New York Judge Rules Indian Point Nuclear Power Plant Does Not Meet Clean Water Act Standards

On Friday, April 2, a New York judge ruled that the Indian Point nuclear power plant is in violation of the Clean Water Act because of 1) the number of fish and other aquatic organisms killed by the plant’s cooling system and 2) the amount of water consumed.  According to an article on CNN’s website, the plant kills almost 1 billion aquatic organisms every year.  Some of these organisms include some endangered species such as the shortnose sturgeon.  Entergy is the parent company of the nuclear plant.  On their website for the plant, Entergy claims that “the relatively small number of larvae and eggs that enter the plant have no impact on the Hudson River’s overall fish population.”  This claim is supposedly supported by studies.  However, even if the quantity of fish and aquatic organisms being killed by the plant does not have a major effect on the total population in the Hudson, classifying a billion of anything as a “relatively small number” seems highly questionable.  Indian Point has made substantial contributions to several different groups that work to protect fish.  These organizations seem primarily focused on research.  About $100 million were spent by Enetergy on new equipment and methods of protecting fish.  The company has also made numerous contributions to governmental organizations that deal with conservation in the Hudson River.

Another problem with the plant is that Indian Point uses an open cooling system that intakes about 2.5 billion gallons of water each day.  The New York Times tells readers that this is two times the total water usage of New York City.  Furthermore, the outflow from the plant is between 20 and 30 degrees warmer than the inflow.  The company says that no studies have shown the temperature difference to have any negative effects on the environment and aquatic species.  The average temperature of the Hudson has varied between 10.55 and 13.06 degrees Celsius, according to a 1994 study. The New York Times did not specify whether the 20 to 30 degree difference was in Celsius or Fahrenheit, but, ether way, this is a substantial increase in temperature over the natural temperature of the river.

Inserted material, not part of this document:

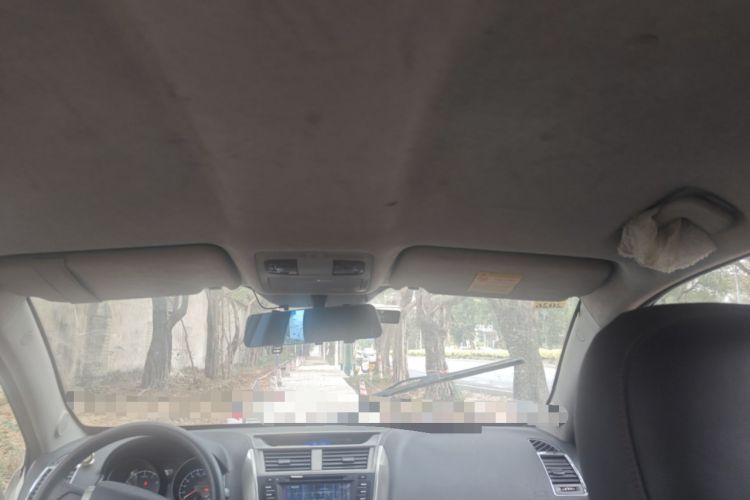 Used Geely Auto GX7 2015 Classic Edition 1.8L Manual New Urban Model China IV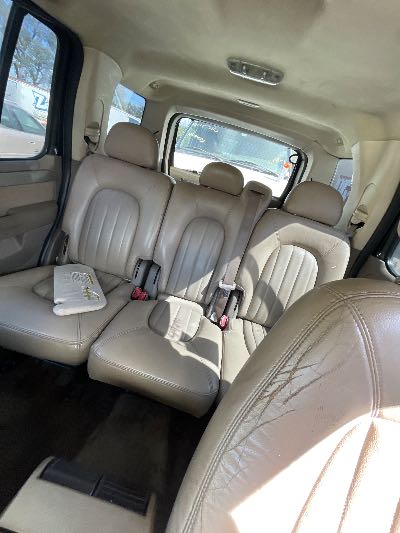 2004 Mercury Mountaineer Location - Ford - Row 34 - Stock # H49490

Updating the plant poses several problems for the parent company Entergy.  In order to convert the current cooling system to a more modern, closed system, the company would have to spend 1.1 billion dollars.  The New York Times says that the current system was outdated in the 1970’s.  The two reactors were given their original licenses in 1971 and 1976 for reactors 2 and 3.  Reactor 1 was shut down in 1976.  The plant would also have to shut down for about 42 weeks according to the New York Times and CNN.  Since the plant supplies 30% of N.Y.C.’s electricity, the 42 week shutdown could be problematic for both the city and the company.  However, both of these costs seem to be short term costs, especially in comparison to the environmental costs associated with the plant as it operates today.